Dawn broke pale and reluctant, its light barely piercing the soot-stained windows of Esther's shop. The candles had burned down to nubs, leaving only trails of smoke curling like serpents above the table. Horace stirred from his vigil at her feet, stretching languidly, while Morrigan croaked sharply from her perch—uneasy, unsettled.

The card still lay upon the velvet cloth. The Watchers. Esther had turned it face down after the first pull, but its presence lingered like a stain in the air. She could not bring herself to return it to the deck.

With steady hands, she cleared the table, whispering old words of banishment, but the chill did not leave her bones. She knew better: cards never lied.

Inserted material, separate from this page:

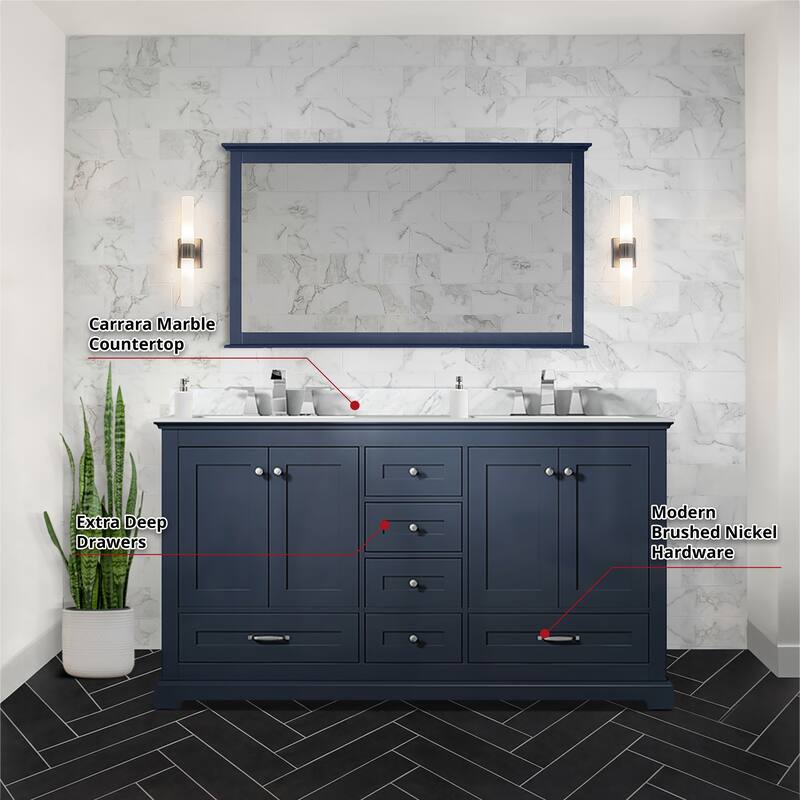 Dukes 60 in. W x 22 in. D Navy Blue Double Bath Vanity, Carrara Marble Top, Faucet Set, and 58 in. Mirror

By midday, the knock came. A single rap upon the shop's oak door, deliberate, unhurried. Esther felt her stomach tighten.

A man stood outside when she opened it. Not the scarred zealot from the fog, but another—tall, cloaked in black, his face hidden beneath the brim of a wide hat. His gloved hand rested upon a silver-tipped cane, though he bore himself like one who did not need its support.

"Esther Harrow," he said, his voice calm, low, commanding. "Daughter of the line of Harrow. Keeper of the forbidden arts."

Her amulet throbbed faintly against her throat. "And who names me so?"

The man inclined his head. "A Watcher."

The word rang through the air like iron upon stone.

Before Esther could summon her wards, he drew back his glove, revealing a sigil burned into the flesh of his palm. A circle enclosing an open eye, its pupil carved so deep it seemed to stare of its own accord.

Horace hissed, his fur lifting like hackles. Morrigan screamed from the rafters, wings flaring.

Esther steadied her breath. "If you come to accuse me, know that I have nothing to fear. My shop is bound by protection, my soul in balance."

The Watcher smiled faintly. "Accuse? No, Mistress Harrow. We have watched you since your cradle. It is not accusation we bring—but warning."

He leaned closer, his shadow spilling long across her threshold. "There is a storm rising. Old bloodlines stirring. Those who wish your death will not strike alone. They move as one. And you, Esther Harrow, are at the center of it."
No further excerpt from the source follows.